- [STORED DATA]
[Start of section]

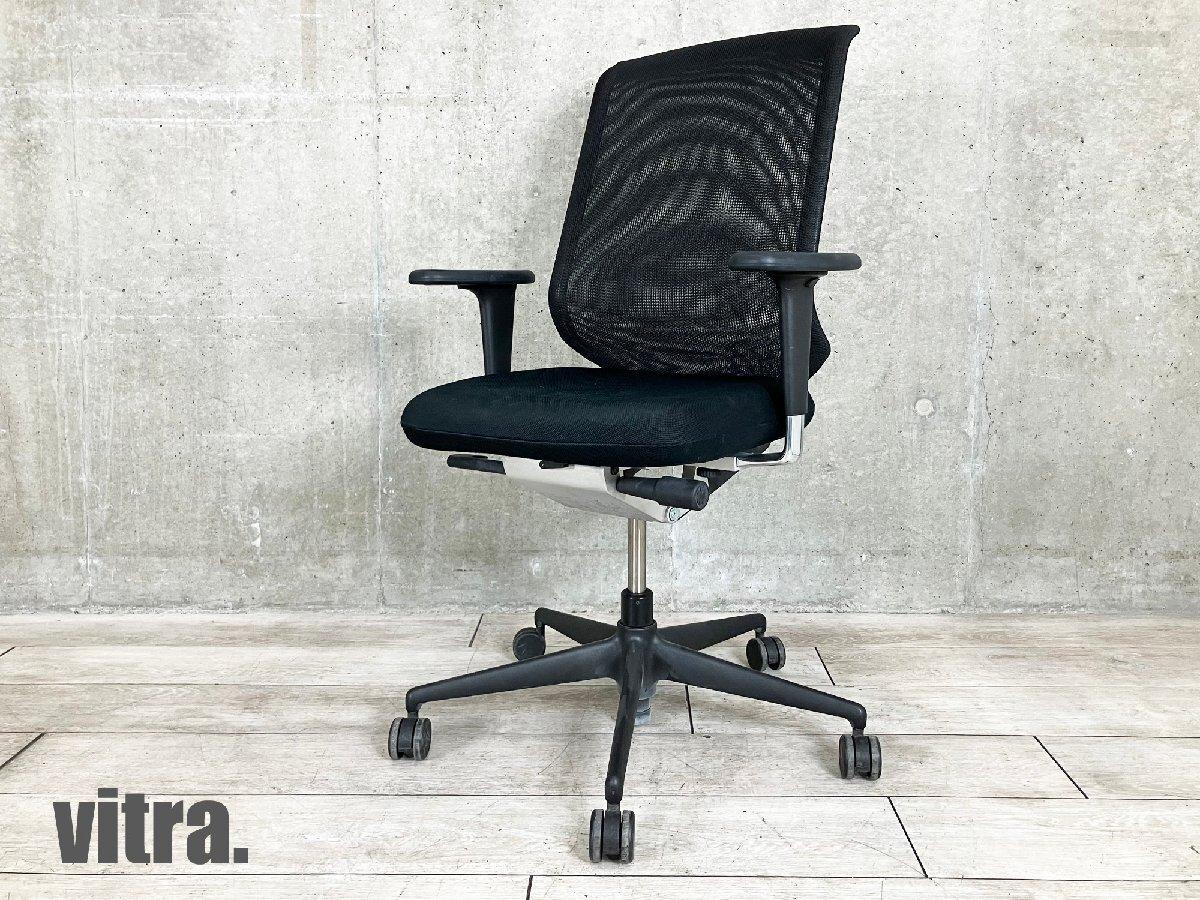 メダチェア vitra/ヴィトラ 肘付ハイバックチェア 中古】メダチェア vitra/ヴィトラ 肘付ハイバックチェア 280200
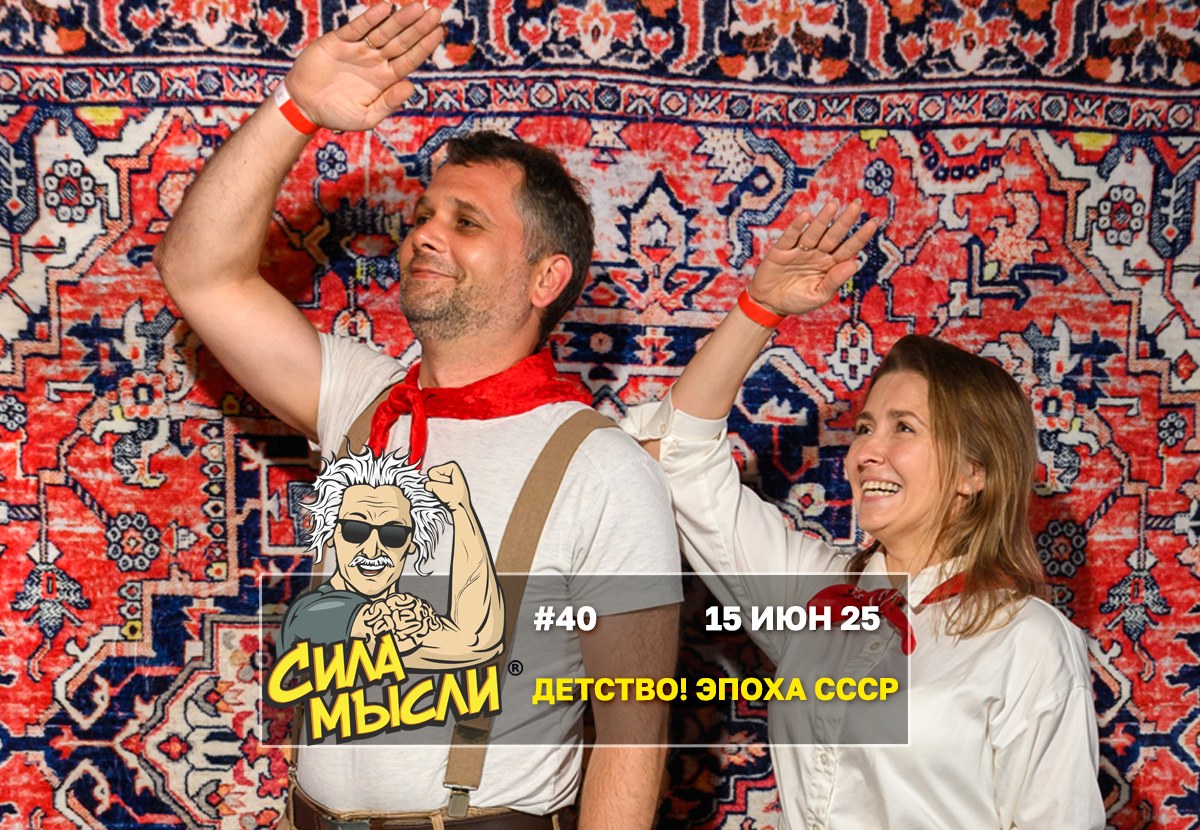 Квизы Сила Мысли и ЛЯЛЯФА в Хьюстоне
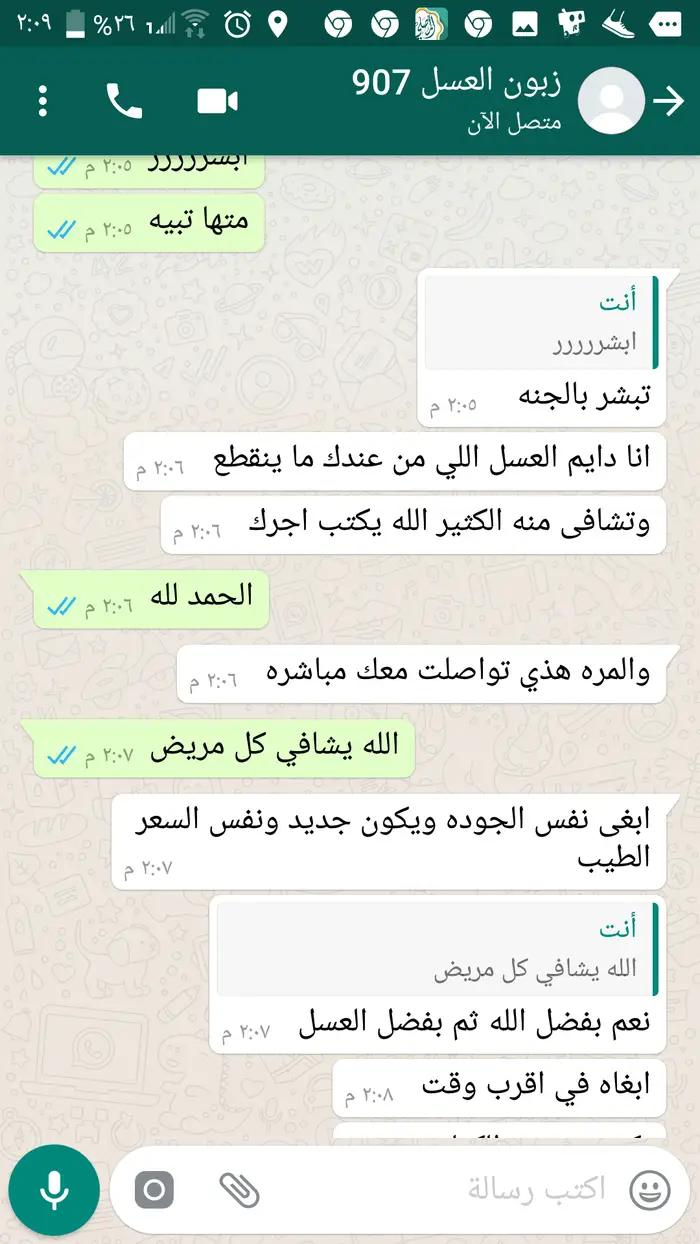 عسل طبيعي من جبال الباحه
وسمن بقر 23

[End of section]

- [DIRECTIONS FOR THIS TASK] Repeat the material above word for word, please, apart from its images.

- [FINISHED EXERCISE]
 メダチェア vitra/ヴィトラ 肘付ハイバックチェア 中古】メダチェア vitra/ヴィトラ 肘付ハイバックチェア 280200
 Квизы Сила Мысли и ЛЯЛЯФА в Хьюстоне
 عسل طبيعي من جبال الباحه
وسمن بقر 23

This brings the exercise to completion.